YOUR GOAL
Go to the line below that has "A third approach", print it and each line after it exactly, and stop after the line that has "In this video, we"; leave out pictures.

INPUT DATA
# # # # #

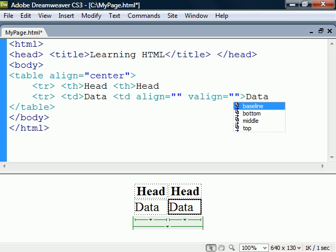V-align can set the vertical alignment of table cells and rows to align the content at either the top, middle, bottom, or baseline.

# # # # #

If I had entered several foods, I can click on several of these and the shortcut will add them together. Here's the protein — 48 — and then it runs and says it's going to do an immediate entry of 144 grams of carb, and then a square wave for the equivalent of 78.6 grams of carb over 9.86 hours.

# # # # #

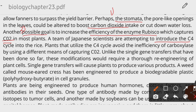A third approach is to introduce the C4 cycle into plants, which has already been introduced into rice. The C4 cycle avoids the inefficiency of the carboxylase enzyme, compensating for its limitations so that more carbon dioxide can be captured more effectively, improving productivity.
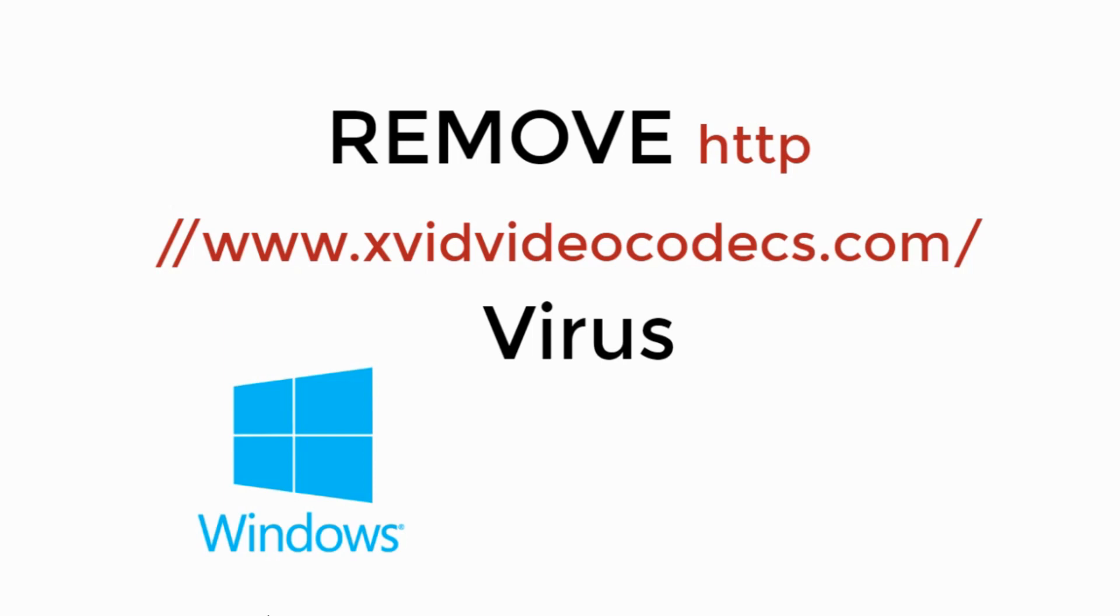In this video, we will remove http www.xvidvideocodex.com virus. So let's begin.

# # # # #

ANSWER SECTION
A third approach is to introduce the C4 cycle into plants, which has already been introduced into rice. The C4 cycle avoids the inefficiency of the carboxylase enzyme, compensating for its limitations so that more carbon dioxide can be captured more effectively, improving productivity.
In this video, we will remove http www.xvidvideocodex.com virus. So let's begin.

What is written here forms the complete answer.